Conventional exercise machines typically use the force of gravity acting on a stack of weights to apply a resistance force to the movement of a body part to strengthen the muscles controlling such part. The user selects the number of weights desired for stressing the muscle involved in the movement of the body part in question. Alternatively, weights may be supported at variable distances along a force beam so that the resistance force applied to the user's body part is increased by the distance at which the weight is positioned from the pivot point of the force beam. Also, resistance to movement force is often varied during certain ranges of the exercise motion by using a cam to vary the effective weight of a weight stack or the length of a force movement arm of the device.

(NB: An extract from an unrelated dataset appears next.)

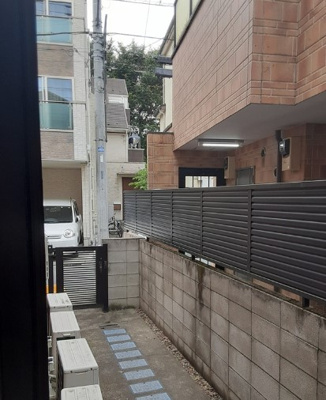 【その他】 | ライフピアパピヨン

The greatest deficiencies of this type of conventional exercise machine is that it is subject to the effects of gravity, friction and inertia. The combination of these three forces cause the actual user-experienced force to be less than predictable except within very limited performance parameters. Similar difficulties are encountered when the weights are replaced with elastic members or by fluid resistance or force-type components, such as air flow fans or hydraulic pistons or motors. None of the conventional exercise machines have the ability to substantially increase or decrease the selected applied force other than by a slight variation caused by the changing leverages resulting from changes in the structural configuration relating one part of the exercise machine to another. None of the conventional machines offers an accurate predictable force at varied exercise speeds and few have the ability to offer a controlled resistance in both directions of the exercise stroke, such as muscle extension followed by muscle retraction or contraction.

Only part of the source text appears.